We both like Amboise. It is a bit touristy and it was quite busy while we were there but it is steeped in history and well worth a few hours of anyone’s time. Because of the Chateau Royal d’Amboise and what remains of the old town it retains, I think, something of a medieval feel.
Unfortunately, we didn’t get to see as much of the town as we would have liked. I have long wanted to explore the Chateau Royal and what with doing that and then taking lunch at a small bistro alongside the Loire the time just flew.
People have been living on the site that is now Amboise for well over 2,000 years and there has been a fortress of some sort there for most of that time – certainly, there has been one since Roman times. It was in 1498, however, after fighting his wars in Italy and returning with a love of all things Italian, that the French King Charles VIII began to transform the typically dark defensive medieval fortress where he had been raised into a Renaissance masterpiece. This start was continued by others (notably Louis II and Francis I with Francis excelling as he brought in various Renaissance Masters including Leonardo da Vinci to build on the earlier works) until the Chateau became a worthy palace for numerous Vallois and Bourbon kings. It is hard to believe but, magnificent as it is, the Chateau is but a shadow of what it once was (because of destruction caused during the French Revolution and then again under German occupation in the Second World War).
Upon entering the Chateau one of the first sights to be seen is the Chapel of Saint Hubert which sits almost directly above the main entrance and has been described as “an absolute jewel” – it is! This is supposedly the final resting place of Leonardo da Vinci who spent the last years of his life in Amboise until his death in 1519.
Put me on the walls of a castle and I am normally looking outwards for the best views. Not so in this case. The views along and inside the Chateau walls are truly superb and the restored gardens certainly do the place justice…
But this is not to say that there aren’t some views outside the castle wall that are not also worth taking in…

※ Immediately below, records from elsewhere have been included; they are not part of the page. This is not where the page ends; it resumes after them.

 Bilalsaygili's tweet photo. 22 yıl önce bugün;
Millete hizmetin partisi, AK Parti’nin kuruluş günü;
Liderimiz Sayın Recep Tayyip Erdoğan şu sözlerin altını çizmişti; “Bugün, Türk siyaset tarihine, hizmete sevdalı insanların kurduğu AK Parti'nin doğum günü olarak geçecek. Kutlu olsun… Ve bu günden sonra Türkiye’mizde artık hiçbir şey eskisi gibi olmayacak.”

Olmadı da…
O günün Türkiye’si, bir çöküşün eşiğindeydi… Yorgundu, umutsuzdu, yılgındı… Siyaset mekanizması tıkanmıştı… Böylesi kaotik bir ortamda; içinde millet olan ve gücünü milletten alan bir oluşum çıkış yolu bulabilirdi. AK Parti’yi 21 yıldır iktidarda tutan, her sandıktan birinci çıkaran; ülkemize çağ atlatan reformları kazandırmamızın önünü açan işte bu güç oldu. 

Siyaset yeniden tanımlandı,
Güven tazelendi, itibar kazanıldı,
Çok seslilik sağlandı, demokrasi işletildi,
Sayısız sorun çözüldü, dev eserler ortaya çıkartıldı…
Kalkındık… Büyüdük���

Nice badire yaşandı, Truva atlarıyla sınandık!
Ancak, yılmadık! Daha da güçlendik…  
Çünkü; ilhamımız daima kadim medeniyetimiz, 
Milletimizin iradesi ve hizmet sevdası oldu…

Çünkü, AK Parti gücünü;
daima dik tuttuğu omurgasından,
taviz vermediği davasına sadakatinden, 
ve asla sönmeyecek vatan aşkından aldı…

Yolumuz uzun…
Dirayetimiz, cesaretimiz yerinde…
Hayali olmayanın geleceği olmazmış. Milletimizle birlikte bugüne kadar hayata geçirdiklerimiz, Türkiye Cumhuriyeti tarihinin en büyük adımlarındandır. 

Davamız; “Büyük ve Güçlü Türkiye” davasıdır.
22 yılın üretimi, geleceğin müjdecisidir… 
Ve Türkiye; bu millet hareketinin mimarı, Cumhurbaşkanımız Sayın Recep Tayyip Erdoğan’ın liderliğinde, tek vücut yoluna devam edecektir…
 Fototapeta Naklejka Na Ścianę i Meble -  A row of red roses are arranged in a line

I did a quick run around inside the Chateau (and I could talk for ages about some of the rooms which are fitted and furnished in a mix of late Gothic and Renaissance styles and; of course, I have made no mention yet of Francis II and his time at the Chateau with Mary Stuart, Queen of Scots – Vanya and I are almost obsessed with the Tudors & Stuarts) but I had to drag myself away to rejoin Vanya who was patiently waiting outside with our dogs.

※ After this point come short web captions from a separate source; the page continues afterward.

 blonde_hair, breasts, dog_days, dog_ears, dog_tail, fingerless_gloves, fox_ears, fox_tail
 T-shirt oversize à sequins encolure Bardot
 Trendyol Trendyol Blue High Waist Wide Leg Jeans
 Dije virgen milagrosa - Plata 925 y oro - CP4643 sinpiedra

There was just time left for us to take a short stroll around the pedestrianised old town (well worth visiting with plenty of fine old houses and lovely cafes) and stop for lunch in a small bistro along the banks of the River Loire (which in case you don’t know officially separates the north and south of France and also marks the furthest point north reached by the Moors as they pushed up from Morocco into Europe) before we set off for our next port of call – Saint Aignan.